Fifth Chinese Daughter, first published in 1945, was one of the first memoirs by a Chinese-American. Wong chose to write in third person, rather than first person, because of Chinese habit, as she explains: “The submergence of the individual is literally practiced. In written Chinese, prose or poetry, the word ‘I’ almost never appears, but is understood” (p. xiii).

The third person point of view gives the memoir a formal feel, yet Wong’s simple, direct language is very accessible. In some ways, the book reminded me of the “Little House” books by Laura Ingalls Wilder (also written in third person), partly because Wong spends a lot of time describing the food and customs she grew up around, and also because she gets to the heart of the matter in a succinct, simple, authentic way.

I thoroughly enjoyed the hours I spent reading this book. I read it slowly, savoring each anecdote of this honest and in some ways charming coming-of-age story. As a child, Wong frequently puzzled over the differences between her home life in San Francisco’s Chinatown, where her parents owned a home-based garment factory, and the wider American world. Wong tells of her realization that the very strict upbringing of her home, devoid of outward expressions of love, was not the norm in mainstream American society. When little Jade Snow got hurt at school, her teacher comforted her by holding her close and wiping away her tears: “It was a very strange feeling to be held to a grown-up foreign lady’s bosom,” Wong recalls (p. 20).
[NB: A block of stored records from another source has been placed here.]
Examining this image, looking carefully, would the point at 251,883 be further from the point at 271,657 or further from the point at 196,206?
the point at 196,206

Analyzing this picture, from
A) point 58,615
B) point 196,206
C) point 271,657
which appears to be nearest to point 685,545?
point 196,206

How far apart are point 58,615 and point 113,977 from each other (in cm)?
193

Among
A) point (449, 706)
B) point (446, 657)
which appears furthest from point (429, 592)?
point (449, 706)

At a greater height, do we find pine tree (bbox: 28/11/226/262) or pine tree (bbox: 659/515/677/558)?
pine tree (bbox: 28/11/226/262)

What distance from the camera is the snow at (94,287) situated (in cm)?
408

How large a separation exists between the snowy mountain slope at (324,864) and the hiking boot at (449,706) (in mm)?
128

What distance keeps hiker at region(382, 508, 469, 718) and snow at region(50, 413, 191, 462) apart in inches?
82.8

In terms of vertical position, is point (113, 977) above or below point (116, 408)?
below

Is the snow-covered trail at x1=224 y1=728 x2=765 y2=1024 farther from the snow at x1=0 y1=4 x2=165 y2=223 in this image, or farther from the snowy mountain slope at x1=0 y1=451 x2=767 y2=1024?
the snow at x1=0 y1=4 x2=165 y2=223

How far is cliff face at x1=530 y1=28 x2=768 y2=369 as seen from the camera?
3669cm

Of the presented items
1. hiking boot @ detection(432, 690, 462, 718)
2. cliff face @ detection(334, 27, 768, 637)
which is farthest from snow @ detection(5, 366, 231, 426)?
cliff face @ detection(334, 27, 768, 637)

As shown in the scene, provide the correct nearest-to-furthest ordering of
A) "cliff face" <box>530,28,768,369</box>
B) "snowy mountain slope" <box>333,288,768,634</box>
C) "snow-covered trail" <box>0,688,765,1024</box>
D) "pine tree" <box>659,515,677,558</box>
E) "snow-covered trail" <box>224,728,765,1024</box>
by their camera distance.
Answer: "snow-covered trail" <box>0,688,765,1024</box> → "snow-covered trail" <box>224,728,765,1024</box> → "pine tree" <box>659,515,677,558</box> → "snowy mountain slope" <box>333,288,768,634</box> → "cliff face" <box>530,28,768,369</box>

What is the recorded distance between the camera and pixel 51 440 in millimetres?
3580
Wong was an obedient daughter: she did well in both American public school, and evening Chinese school. However, when she realized that, although her parents funded her older brother’s college education, they had no plans to pay for college for her, she began to break away from the Chinese culture she’d grown up with. As she worked her way through college, she claimed individuality and freedom for herself, daring to go out with a boyfriend without her parents’ permission.

After college, Wong decided to make a living as a potter, an unheard-of profession for a Chinese-American girl. Undaunted, she set about finding a place to rent in Chinatown. Although many in Chinatown thought she was crazy, she was pleased that her father expressed his support by giving her a small motor to run her pottery wheel.

She ended up becoming well known for her vases, bowls, and mugs. Her obituary in the San Francisco Chronicle includes a lovely photo of her working at her pottery wheel.